**What is expected**
What should come back is the data below, word for word, minus any picture.

**Provided material**
────────────────────
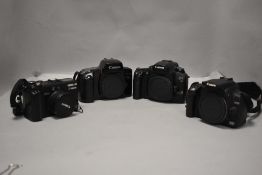 Four Canon camera bodies including Canon EOS 100, EOS 350D, EOS 30 and a G5 Powershot with remote
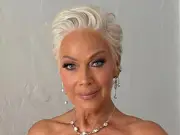 Denise Welch stuns in pink satin gown at son Matty Healy's wedding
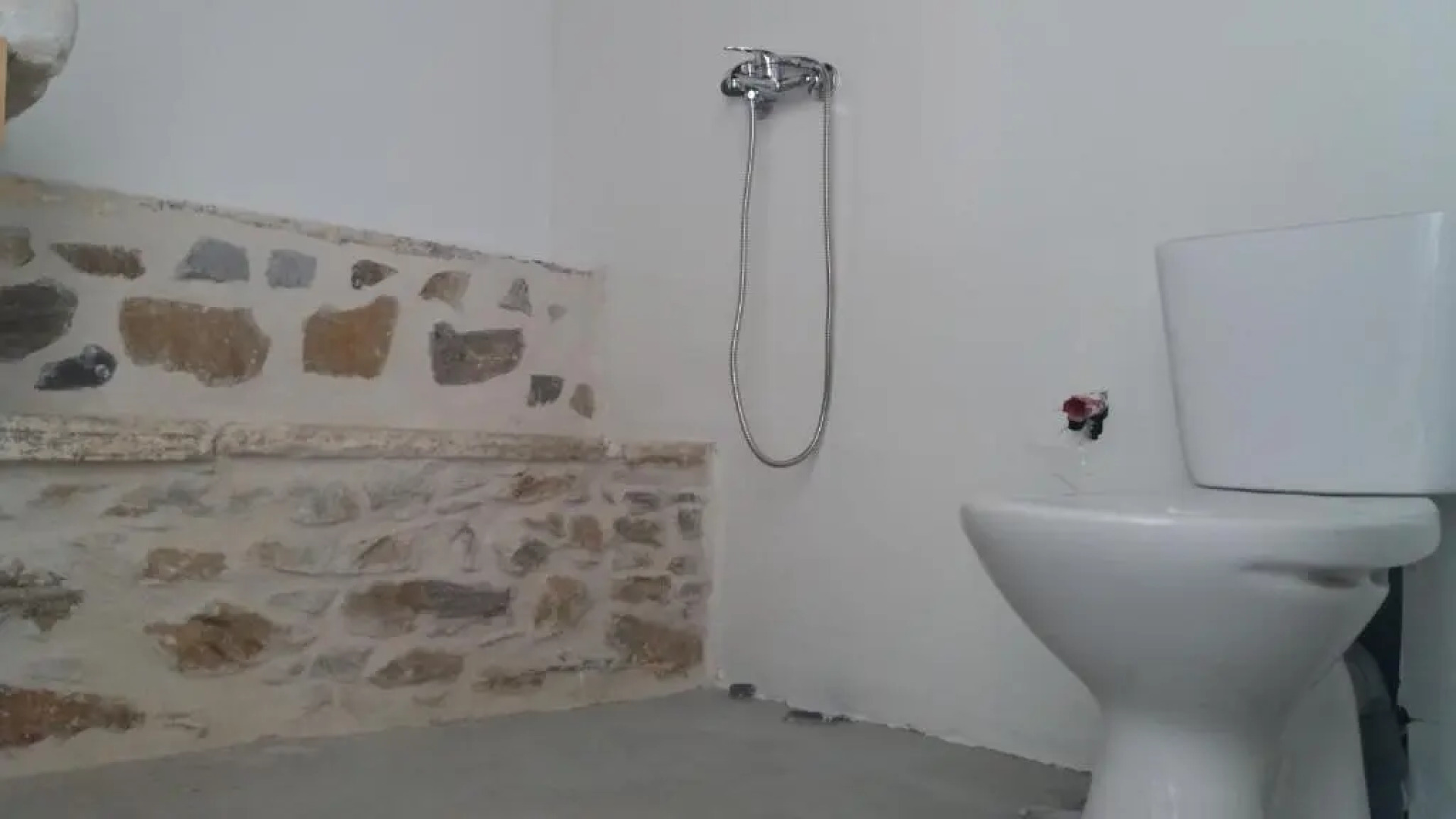 "Fasolas square house" is located 30 stairs up from the main road and it is in the old market "fasolas" and next to the museums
────────────────────
**Exercise output**
 Four Canon camera bodies including Canon EOS 100, EOS 350D, EOS 30 and a G5 Powershot with remote
 Denise Welch stuns in pink satin gown at son Matty Healy's wedding
 "Fasolas square house" is located 30 stairs up from the main road and it is in the old market "fasolas" and next to the museums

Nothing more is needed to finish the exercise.